_SUPPLIED INFORMATION_.
----

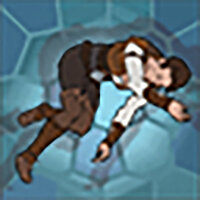 Досягнення The hardest choice у грі Ash of Gods: Redemption для Google Play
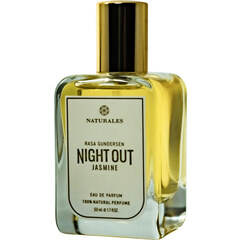 Night Out - Jasmine (Eau de Parfum) von Naturales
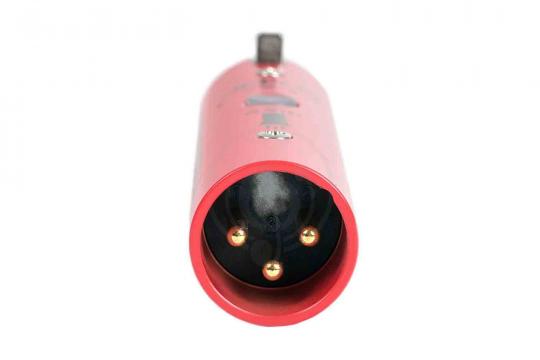 Joyo DM-05 - Предусилитель микрофонный - фото 5 Микрофонный предусилитель Joyo DM-05 - Предусилитель микрофонный - фото 5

----

_PROBLEM_. Line for line, restate the data above and omit every picture.

_RESPONSE BELOW_.
 Досягнення The hardest choice у грі Ash of Gods: Redemption для Google Play
 Night Out - Jasmine (Eau de Parfum) von Naturales
 Joyo DM-05 - Предусилитель микрофонный - фото 5 Микрофонный предусилитель Joyo DM-05 - Предусилитель микрофонный - фото 5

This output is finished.